All that said, though, Tanden isn’t entirely without air cover. Progressive media personalities like Maddow are publishing content on Facebook defending Tanden and highlighting the hypocrisy holding back her nomination, but their impact pales in comparison to the avalanche of bad-faith content that the right-wing media is so good at pushing.
Xavier Becerra for Health and Human Services Secretary 🏥
Becerra, who is currently Attorney General of California, is a former member of House Democratic leadership who would also be the first Latino to lead the Department of Health and Human Services. From the right, anti-choice fury is driving the energy opposing Becerra’s confirmation, and because irony is dead, so are claims of inexperience (Trump’s first HHS secretary was Tom Price, whose primary healthcare policy experience was being a corrupt doctor and politician who opposed the Affordable Care Act).
While Becerra’s nomination doesn’t appear to be at all imperiled by the GOP’s pearl-clutching, there is very little pro-Becerra content on Facebook and Instagram from the past month. The few pro-Becerra posts that have earned high interactions + impressions are from progressive content shops like Occupy Democrats that are spreading this tweet.
Deb Haaland for Interior Secretary 🦅
If confirmed, Rep. Haaland would have the distinct honor of being the first Native American to ever serve as a Cabinet secretary. Nonetheless, a handful of fossil fuel-friendly Republican senators are dead-set on opposing her nomination because of the Biden administration’s bold conservation and clean energy agenda. (FWIW, here’s how much cash some of Haaland’s fiercest GOP critics have received from the oil and gas industry 🙃).
Unfortunately for these oil-soaked Republicans, a coalition of progressives, Native rights activists, and environmental activists have been campaigning for Haaland’s nomination since before she was even nominated.

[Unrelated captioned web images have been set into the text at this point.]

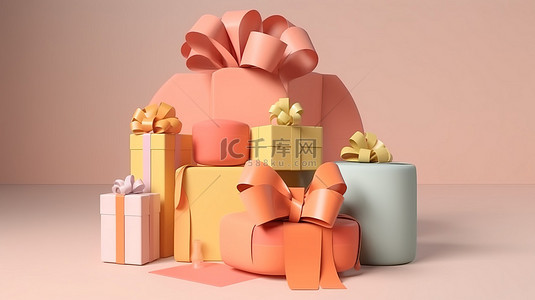带丝带和蝴蝶结的现代柔和橙色礼盒 3d 渲染卡通惊喜生日和假期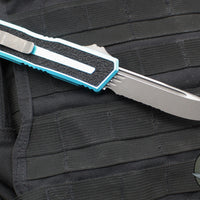 Microtech Scarab II- Single Edge- Turquoise Handle- Apocalyptic Part Serrated Blade 1278-11 APTQ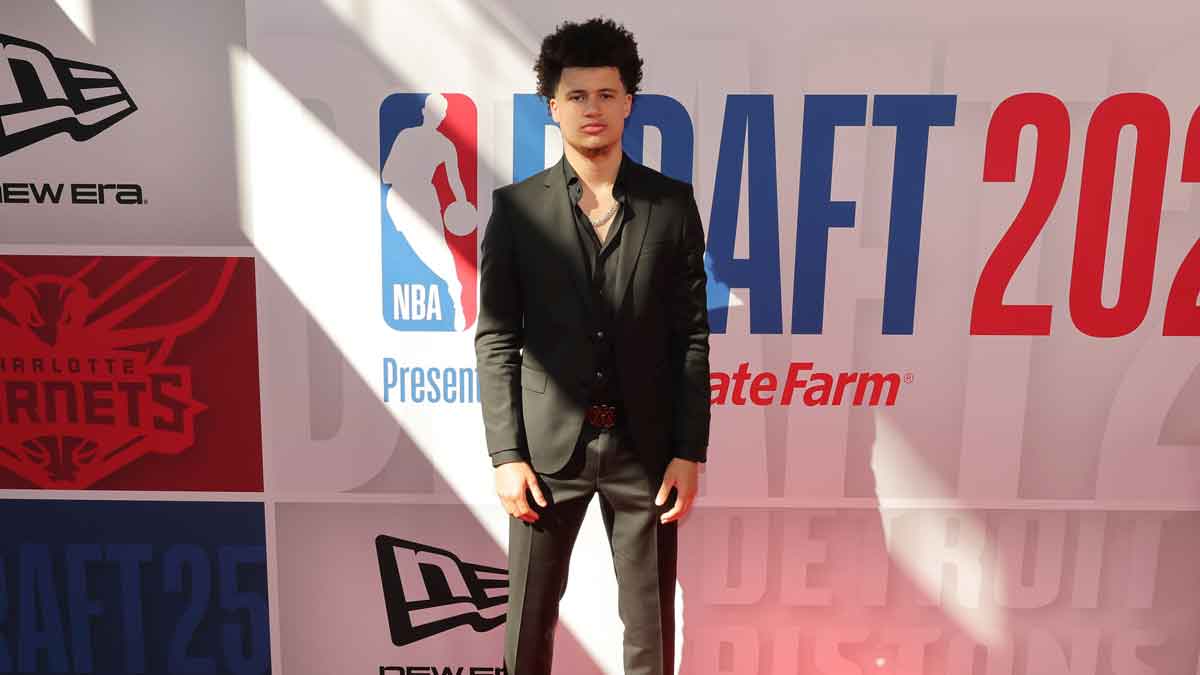 Walter Clayton Jr. arrives before the first round of the 2025 NBA Draft at Barclays Center.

These groups and friendly media outlets put out some of the most-engaged Facebook and Instagram posts between Biden’s victory and Haaland’s nomination.
And when Biden did come around to nominating Haaland, social media exploded in celebration and congratulations. CrowdTangle estimates that on December 17th, when her nomination was announced, posts mentioning Haaland received over 3 million interactions across Facebook and Instagram.
Looking at content from the past 30 days, pro-Haaland content has still dominated the online conversation around her, driven largely by AOC, Occupy Democrats, and even Pearl Jam. 🎸 Activists on Twitter have organized #DebForInterior tweet storms calling on progressives to lobby Senators in support of her nomination. On the right, though, only Dinesh D’Souza and Breitbart have been able to come remotely close to the success of the left’s content on the issue.
At the end of the day, President Biden has already been successful at building a historically diverse cabinet that reflects America and the broad coalition that elected him. These high-stakes confirmation fights are inevitable regardless of who’s in power, and Republicans would look to sink a nominee or two no matter who Biden picked.
However, this week’s confirmation battles show that right-wing politicians and accounts on social media are experts at making partisan content meant to inflame and persuade, and that in order to compete, the Left has to continue organizing and building online campaigns to defend and push their own agenda.